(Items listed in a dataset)
===============

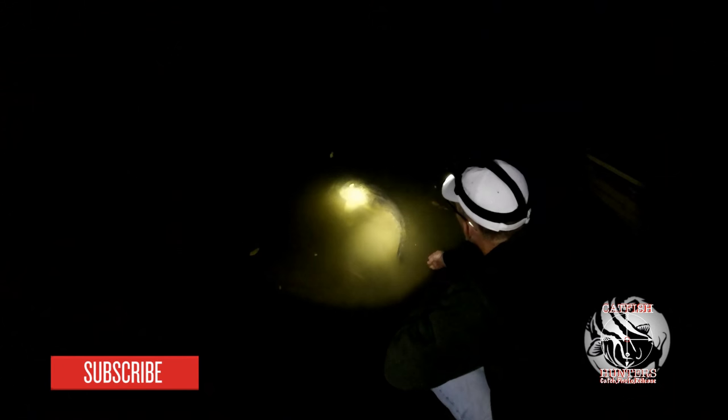If you guys like this video, remember to like and subscribe for more awesome catfish content. Thanks.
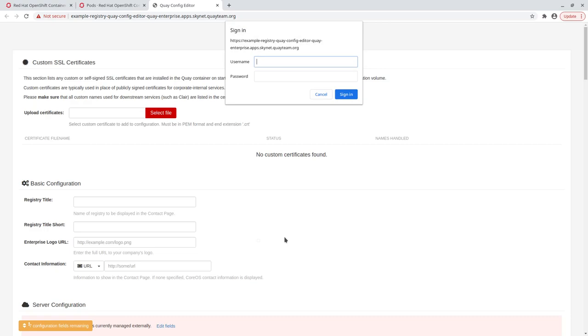The config editor is protected by password, which can be found in a secret referenced by status.configeditor.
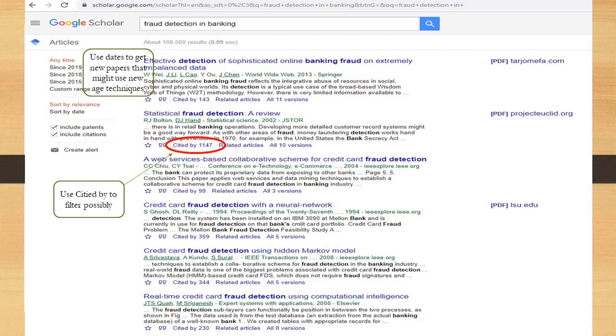For example, if you are in retail and want to find out about supply chain management, you can type 'retail supply chain management' and see a list of papers published on the subject. You may find too much information. A good way to filter is by the number of times a particular paper has been cited by other external websites — that information is available when you do a Google Scholar search.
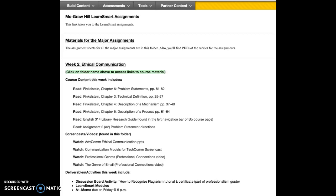Hello, this is Lynn McCool. Welcome to week two. In this particular unit, we are looking at ethical communication in the business workplace.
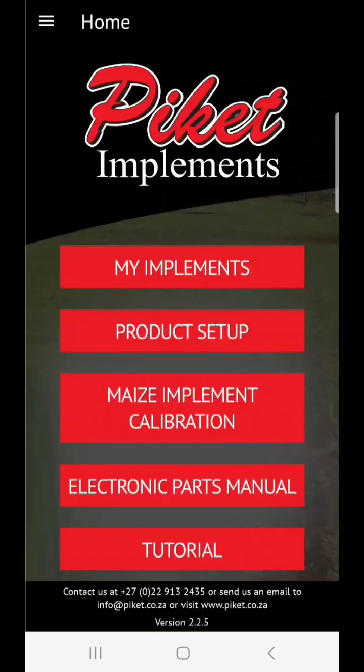Hi and welcome to this tutorial for using our Piquette Implements Calibration App. To start out, set up an account by logging in with your email address and setting up a password.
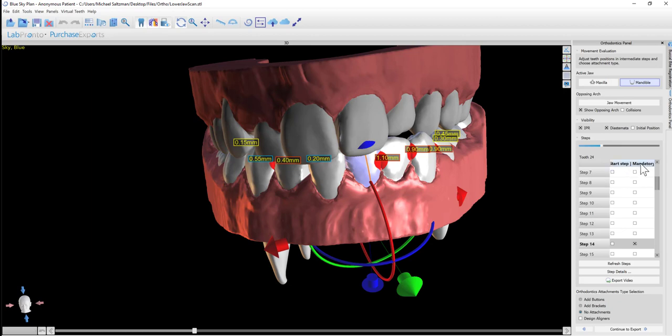Same thing with the mandatory column. If you want to make sure that a tooth is moving at earlier steps, for example, you could check the checkboxes for that tooth in the mandatory column, and the software will recalculate.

===============

- [Your instructions]: Could you repeat each line above exactly as written? Omit the pictures.

- [Result]:
If you guys like this video, remember to like and subscribe for more awesome catfish content. Thanks.
The config editor is protected by password, which can be found in a secret referenced by status.configeditor.
For example, if you are in retail and want to find out about supply chain management, you can type 'retail supply chain management' and see a list of papers published on the subject. You may find too much information. A good way to filter is by the number of times a particular paper has been cited by other external websites — that information is available when you do a Google Scholar search.
Hello, this is Lynn McCool. Welcome to week two. In this particular unit, we are looking at ethical communication in the business workplace.
Hi and welcome to this tutorial for using our Piquette Implements Calibration App. To start out, set up an account by logging in with your email address and setting up a password.
Same thing with the mandatory column. If you want to make sure that a tooth is moving at earlier steps, for example, you could check the checkboxes for that tooth in the mandatory column, and the software will recalculate.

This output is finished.